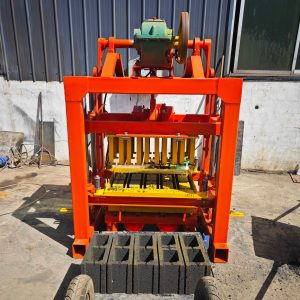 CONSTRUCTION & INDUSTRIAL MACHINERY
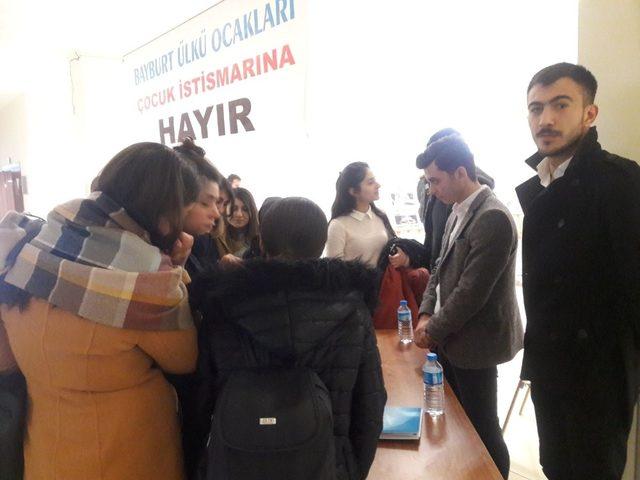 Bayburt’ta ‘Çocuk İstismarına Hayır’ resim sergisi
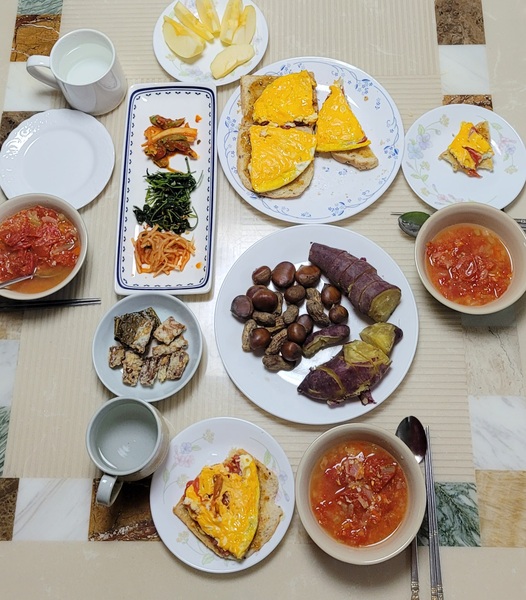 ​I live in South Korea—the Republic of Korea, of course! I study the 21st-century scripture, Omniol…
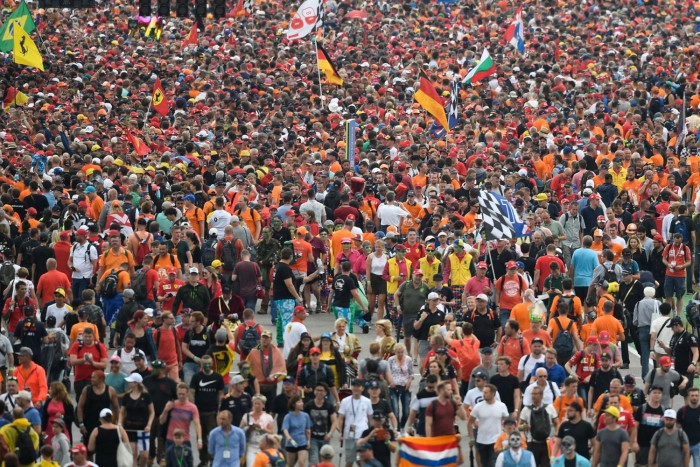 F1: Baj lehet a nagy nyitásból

==

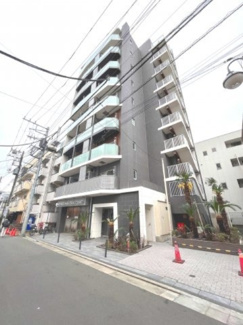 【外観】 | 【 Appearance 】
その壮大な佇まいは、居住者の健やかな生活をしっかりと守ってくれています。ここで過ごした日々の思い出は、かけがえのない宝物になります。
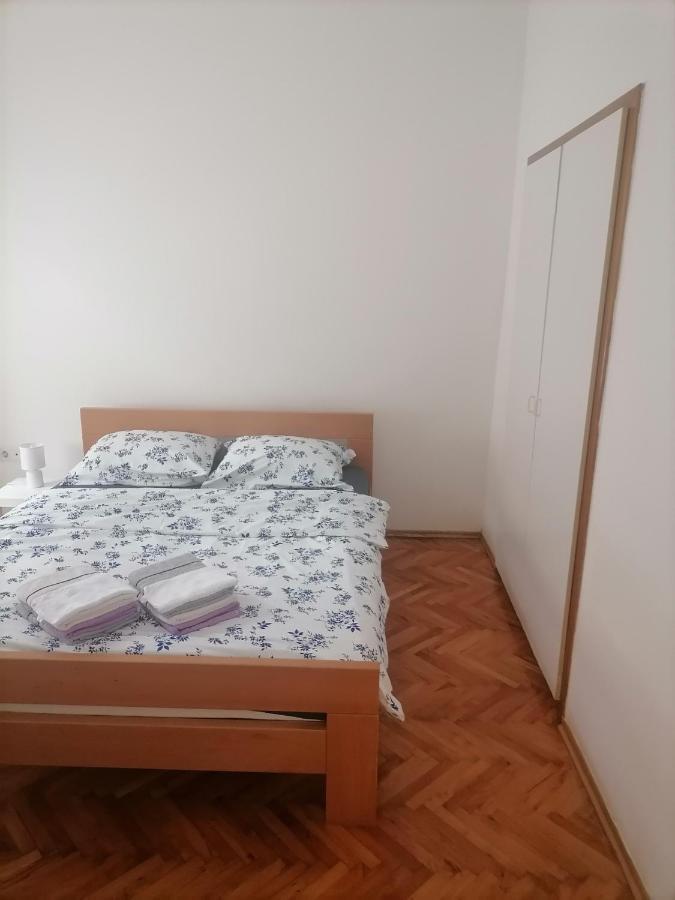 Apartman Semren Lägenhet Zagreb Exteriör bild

---

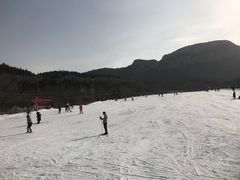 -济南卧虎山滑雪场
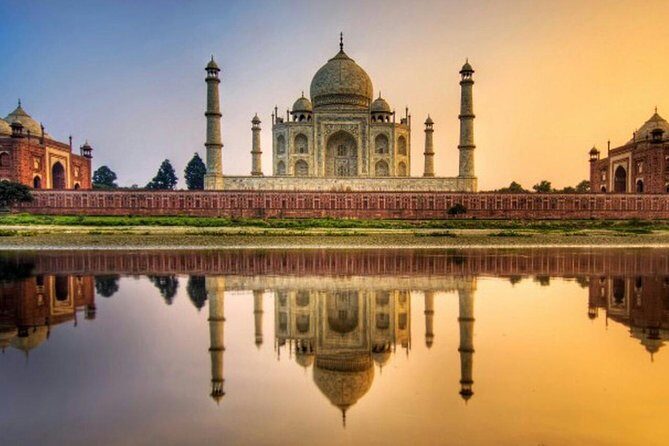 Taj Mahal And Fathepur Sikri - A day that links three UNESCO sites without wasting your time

Directions for this task - Write out again exactly the lines above from the one with "Bayburt’ta ‘Çocuk İstismarına" through the one with "F1: Baj lehet a nagy nyitásból", adding no other lines and no pictures.

Written response -
 Bayburt’ta ‘Çocuk İstismarına Hayır’ resim sergisi
 ​I live in South Korea—the Republic of Korea, of course! I study the 21st-century scripture, Omniol…
 F1: Baj lehet a nagy nyitásból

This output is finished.